§ **DATA EXCERPTS**
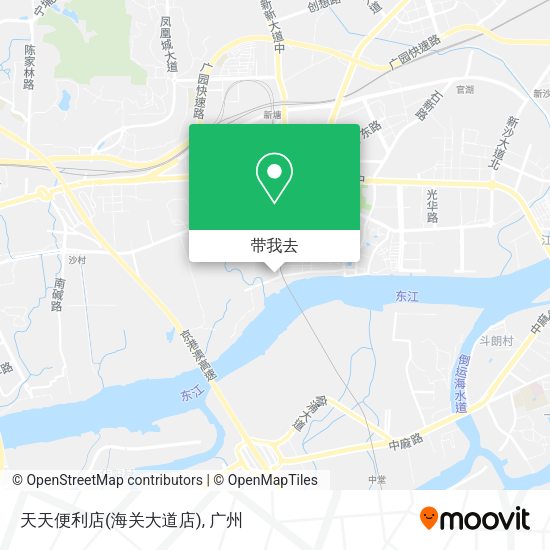 天天便利店(海关大道店)地图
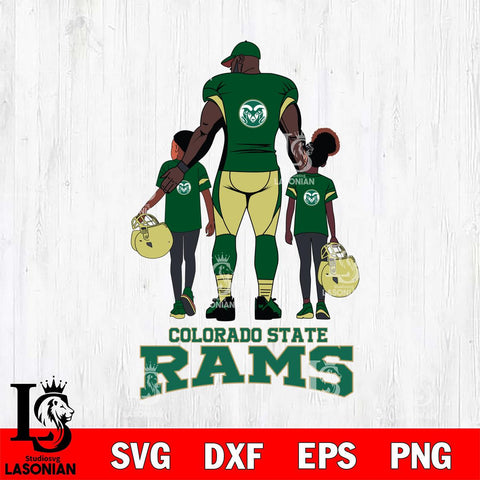 Colorado State Rams 3 Father and son Rugby SVG DXF EPS PNG FILE,NCAA SVG, Father day Digital Download,Instant Download, Silhouette
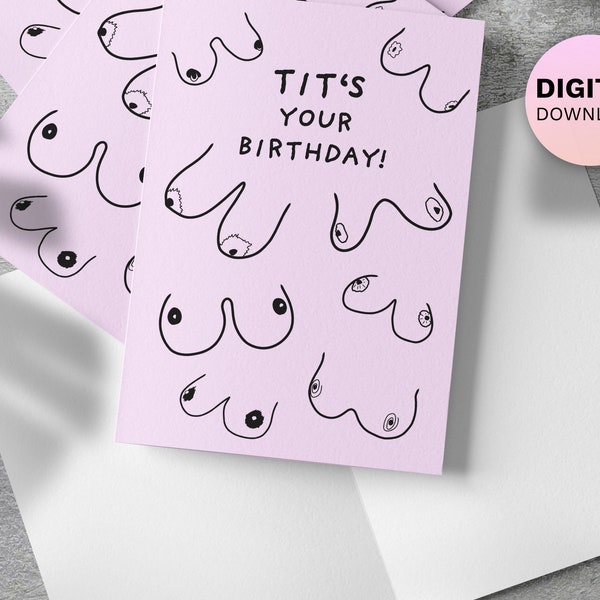 Printable Boob Card Etsy Printable Boob Card Etsy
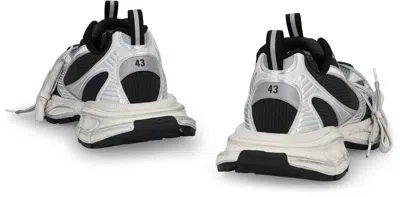 Balenciaga Multicolor Mesh And Rubber 3xl Gradient Sneakers In Gray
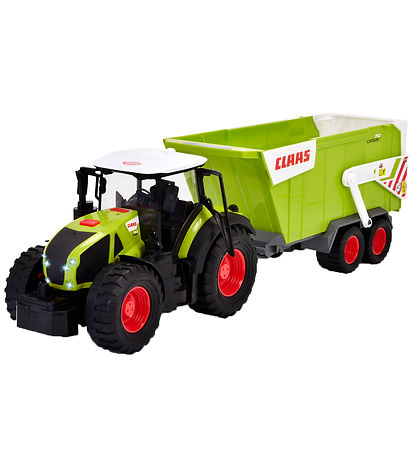 Dickie Toys Traktor - CLAAS Traktor m. Anhänger - Licht/Sound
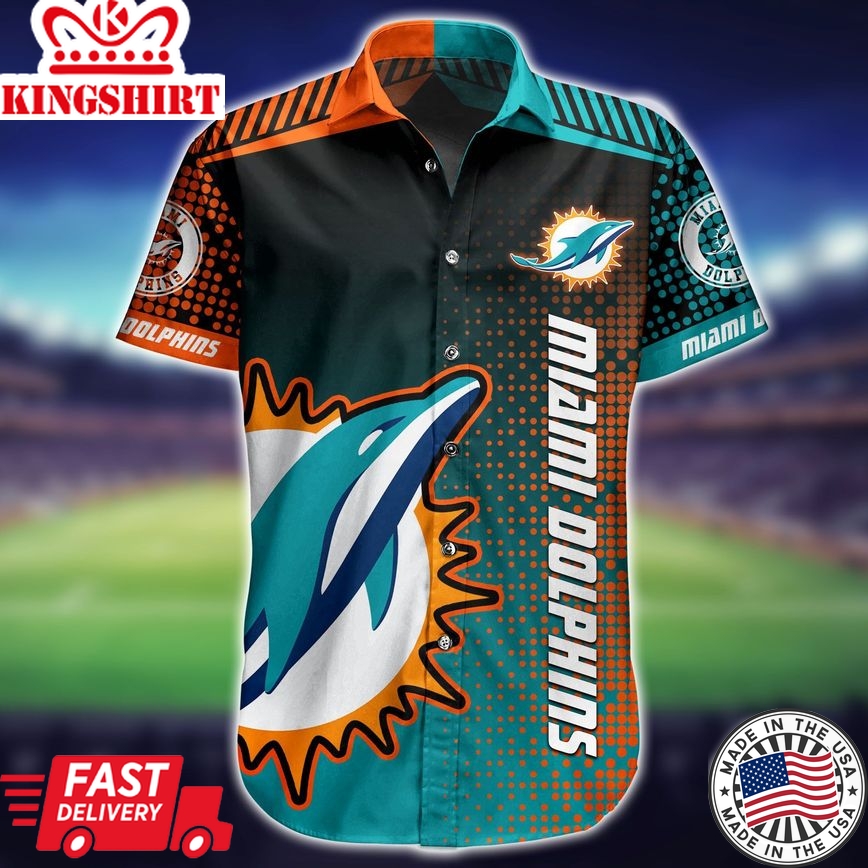 Personalize Your Miami Dolphins Hawaiian Shirt NFL Edition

§ **EXERCISE DESCRIPTION**
Please reproduce every record exactly, leaving the pictures out.

§ **RESPONSE BELOW**
 天天便利店(海关大道店)地图
 Colorado State Rams 3 Father and son Rugby SVG DXF EPS PNG FILE,NCAA SVG, Father day Digital Download,Instant Download, Silhouette
 Printable Boob Card Etsy Printable Boob Card Etsy
 Balenciaga Multicolor Mesh And Rubber 3xl Gradient Sneakers In Gray
 Dickie Toys Traktor - CLAAS Traktor m. Anhänger - Licht/Sound
 Personalize Your Miami Dolphins Hawaiian Shirt NFL Edition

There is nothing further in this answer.